Last week, a 15-year-old boy in Idaho was held by police after one of his friends posted screenshots of texts in which he detailed his plan to “kill all the girls” for failing to send him nude photos. In the texts, he details his plan to a friend, explaining how he would bring two guns and a hunting knife to Highland High School. He’s since been charged with threatening violence in a school and telephone harassment.
Screenshots of the texts were posted on Facebook, and show the suspect’s friend repeatedly asking him to “calm down” and “knock it off.” The authorities were notified and the school was put on temporary lockdown. The Idaho State Journal also reported that the suspect harassed female students – particularly, members of the cheerleading squad – and posted misogynistic and racist statuses on Twitter.
Fortunately, the suspect was held by police before anything could happen. We are all heartbroken, frightened and weary by gun violence and mass shootings. This summer feels as thought it has been especially bloody. We were barely able to finish mourning the deaths of church members in a historic Charleston church or moviegoers in a Louisiana theater before they were followed up by multiple school shootings, including last week’s Umpqua Community College shooting.
In fact, it was just last summer that Elliot Rodger killed seven people and wounded 13 more in Isla Vista, California. Rodger posted YouTube videos detailing his plan to punish all of the “sluts” who had refused to give him sex.

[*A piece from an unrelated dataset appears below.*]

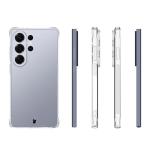 Carcasa Bizon Salpa compatibila cu Samsung Galaxy S26 Ultra, Transparent 4 - lerato.ro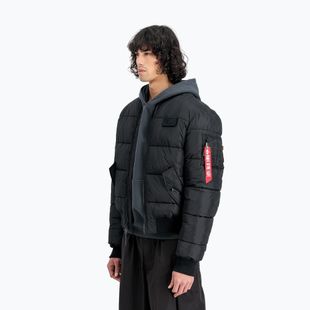 Geacă pentru bărbați Alpha Industries MA-1 Puffer Bomber black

In the wake of that horrific killing, women began to tweet about misogyny, entitlement, gender-based violence and the fear women are taught to live with using the #YesAllWomen tag. I remember scrolling and scrolling. Crying and retweeting and sharing a few of my own thoughts and stories. I thought about how many times I’ve been afraid to tell a man that I’m not interested and how many times strangers who felt entitled to my body or attention have grabbed me.

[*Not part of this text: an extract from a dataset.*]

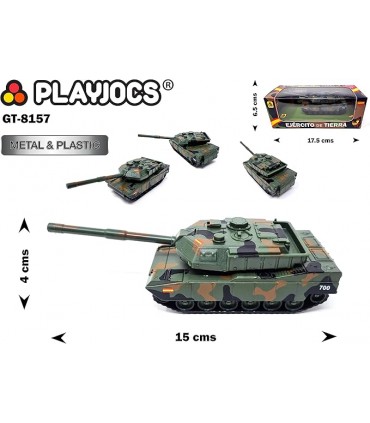 Tanque Militar Ref: GT-8157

I thought of women who have rejected men and had their nude photos leaked online, how many women have received rape and death threats for expressing their opinions. I remembered stories of women who have been murdered for refusing to give strangers their phone numbers. I thought of how often my friends and family chastise me for shouting back at street harassers, terrified of what might happen if I come across one with a gun.
And so, to read something like this a year later, from another young and apparently violently angry man…it’s terrifying, to say the least. Both stories are a horrible convergence of gun violence, violence against women and social media. They both speak to the fragility of masculinity, the objectification of women and a strange sense of entitlement that some men harbor.
Sometimes, when I hear people speak progressively about equality, read something powerful, or help a harasser realize that they’ve crossed a line… I feel this surge of hope. Maybe one day, I won’t read about stories like this. I won’t have to refuse a stranger’s advances with the same care one would apply to, say, diffusing a bomb. One day, women’s sexual autonomy will be respected. And then stories like this remind me that despite all of the progress that has been made in the past few years, alone, we still have so far to go.
Just for the record, here’s a message to angry young men who feel entitled to sexual favors, nude photos, dates or attention from young women who are simply not interested: no one owes you anything. Women do not owe you unlimited access to their bodies. Women do not owe you nude photos. Women do not owe you sex. Women do not owe you attention. Women do not owe you a “polite hello.” Women do not owe you painless rejections. Women do not owe you acquiescence. Women do not owe you their unrelenting patience. Women do not owe you pretty faces to look at. Women do not owe you smiles.
Women are owed respect and general human decency. Because we are humans. We live and breathe and bleed and cry and love and hate, like all humans do. We have the right to determine whom we sleep with, talk to and dance with. We are not objects on which you can project your hurt feelings and dream-girl fantasies. We are not walking, thoughtless sex organs. We are not pieces of meat meant to provide men with sexual capital. We are not tally marks by which you get to determine your sexual prowess.
When I first read this story, I started to cry. Not just out of frustration that things like this are still happening, but because I was glad that, for once, no one got hurt.